Wednesday, August 10, 2011
The politics of free stuff
The United States of America would not exist without riots. Nor would many other modern nations. Riots like the one 1770 in Boston are an integral part of revolutions, and most nations had some on their way from earlier more tyrannical forms of government to modern democracy. Having said that, the London rioters make for rather unlikely revolutionaries. As one lady in the middle of it said so correctly: "we are not all gathering together and fighting for a cause. We are running out of Footlocker and theifin shoes." Stories of rioters using Blackberries to text each other about where to get "free stuff" and mostly targeting brand clothing and electronics stores cast doubts on both the motivation and degree of poverty of the rioters.
Nevertheless British politicians dismissing the rioters as just criminals don't get the whole picture either. There were far too many of them to be just a criminal gang, it was more like a movement. And then you have to ask yourself why so many young people considered rioting and looting a better use of their time than what they were doing otherwise. Unemployment is not an excuse for criminal behavior, but often enough the root cause.
Of course rioting will not solve anything in the short term, and we are still a long way from a revolution. Nevertheless I wouldn't totally exclude the possibility of a revolution either, not if we continue like this. Politicians not only looked very helpless in face of these riots, they also offered only the full panoply of all the wrong solutions: The left thinks more welfare would calm the youths down, while the right wants to lock them all up and remove their benefits. The former plan of redistribution isn't economically sustainable, and the latter plan is the direct way into a police state. If you have 25% youth unemployment, you can't just lock them all up.
I believe the solution to be very different, not redistribution but a different distribution of the added value produced by companies right when they produce that value. And I believe the culprit who caused things to go wrong wasn't some politician, but an accountant hundreds of years ago, when the rules of company accounting were first invented. Let me explain:
Companies create value. They turn some lower value inputs like raw materials and energy into final products which have a higher value. Or they create value through services, like the distribution of goods. The added value the company creates is then flowing to the various stakeholders of a company, mostly the investors and the workers. A proper measure of how good a company works would calculate the added value created by the company by counting the value of the goods or services produced, and deducting the cost of the raw materials and energy consumed in the process.
Unfortunately real companies don't calculate like that. They do count the value of the good or services produced and deduce the cost, but at some point in time some accountant decided that salaries were a cost. That is an extremely narrow view, which is only true if you are the investor, and the only added value created that interests you is the one going into your own pocket.

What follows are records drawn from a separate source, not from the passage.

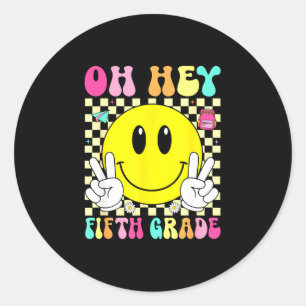 Fifth grade retro smile face back to school first classic round sticker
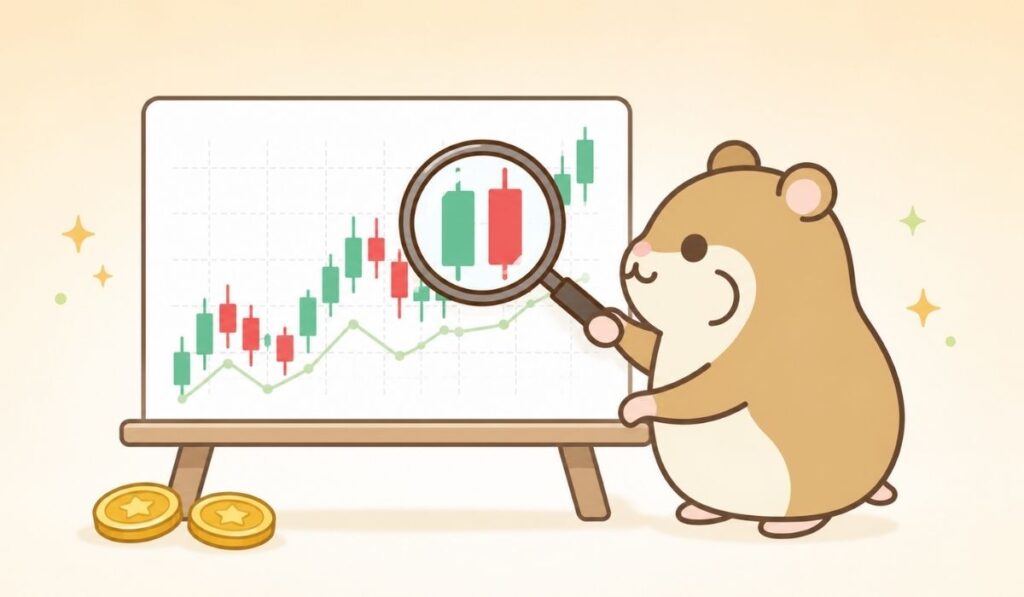虫眼鏡でローソク足チャートをのぞき込むハムスターのイラスト。レンズの中でローソク足2本の間の狭い隙間が拡大されている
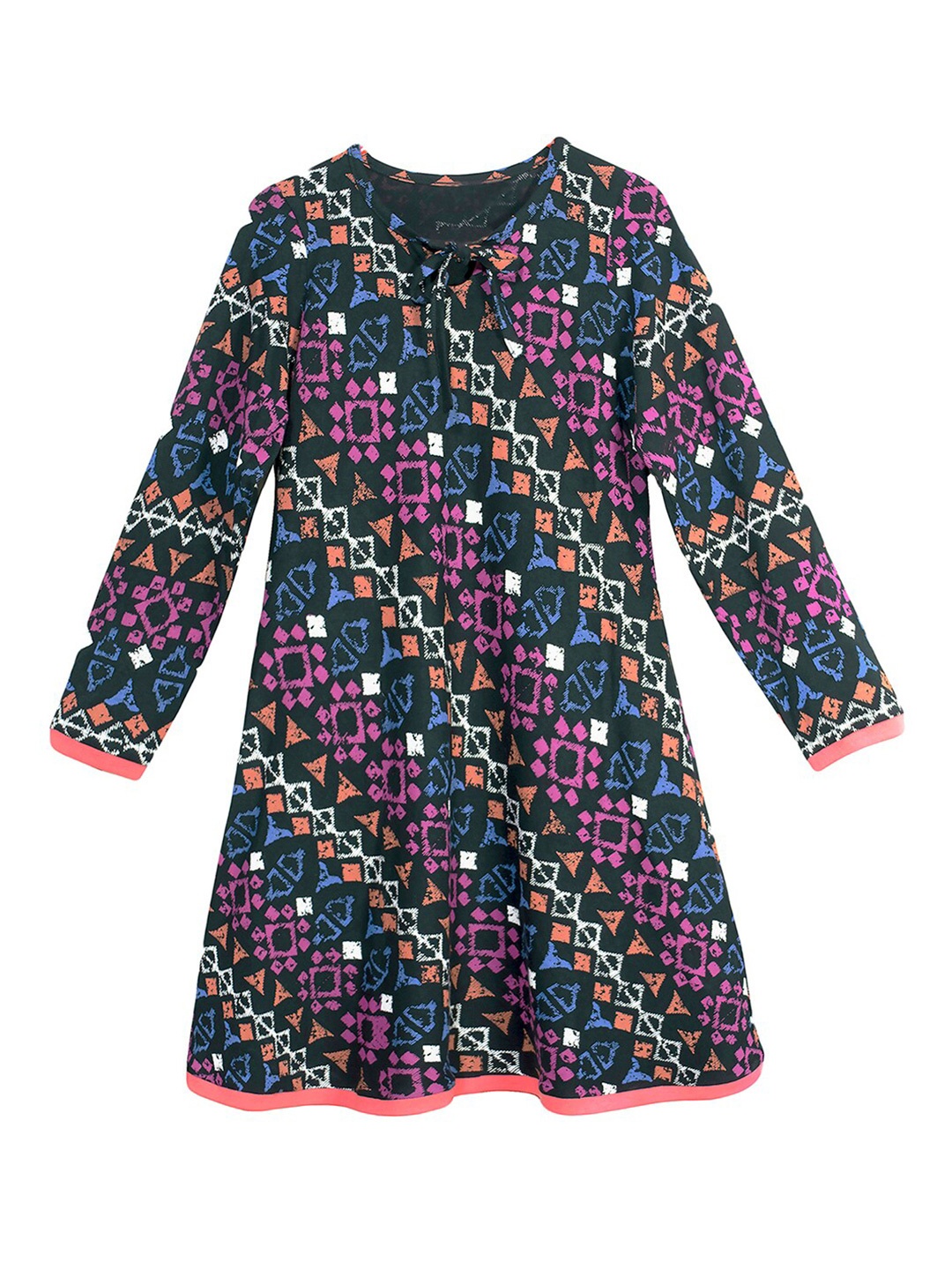 

CACA CINA Black & Purple Tie-Up Neck Ethnic A-Line Dress
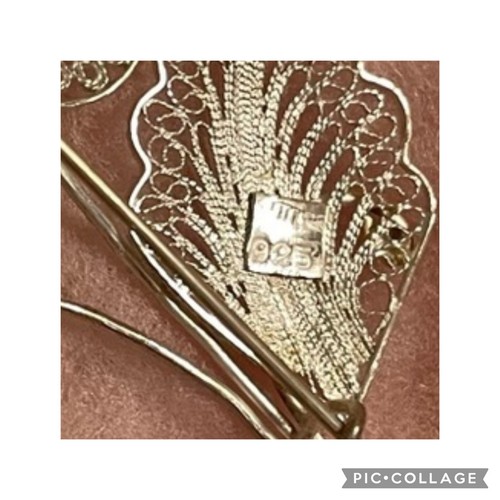 Vintage 925 Sterling Silver Intricate Detailed Filigree Flower Brooch Pin - Picture 3 of 3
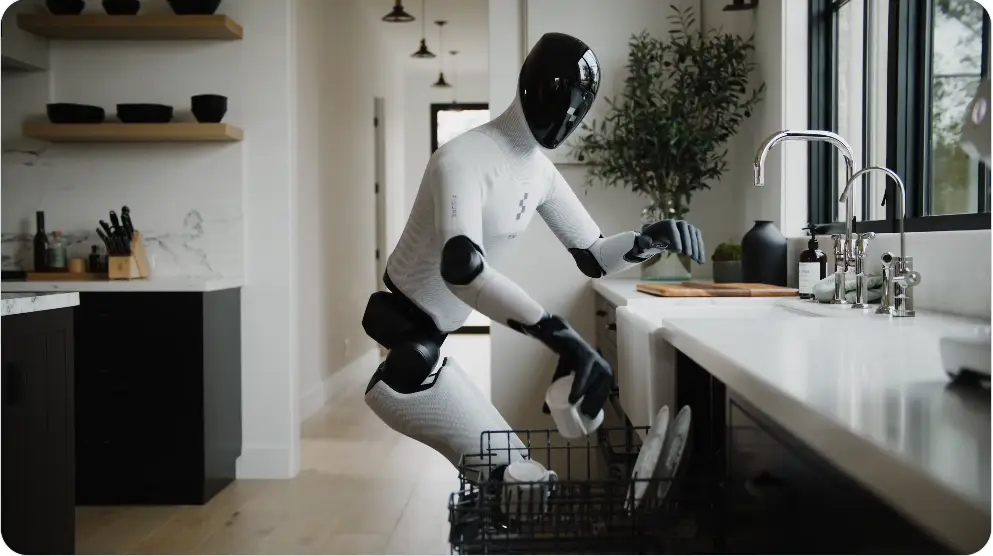 Figure 03 unloads a dishwasher with care, demonstrating its skill in handling everyday household tasks.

From a larger point of view, for society, it only matters how much total value is added, not whether that added value lands in the pocket of the investor, or in the pockets of the workforce.
This wrong way of accounting for investors profit instead of total added value over the centuries has led to companies doing their utmost to become "more efficient" by reducing labor cost. If money given to employees is a "loss", you strive to avoid that loss. What companies should have done instead is searching for the optimum number of workers which would maximize the total added value created by the company. It is pretty certain that this optimimum for total wealth creation would mean more employment, even if the share of the profits for investors would be somewhat smaller. But the benefit for society would be huge: Less unemployment, more value creation, and more money going towards people who actually spend that money, thus growing the economy even further. And ultimately less riots. Because if you can afford to shop for expensive trainers at Footlocker, you're less likely to go looting them.
Salaries are not a cost, they are an important part of the value created by a company.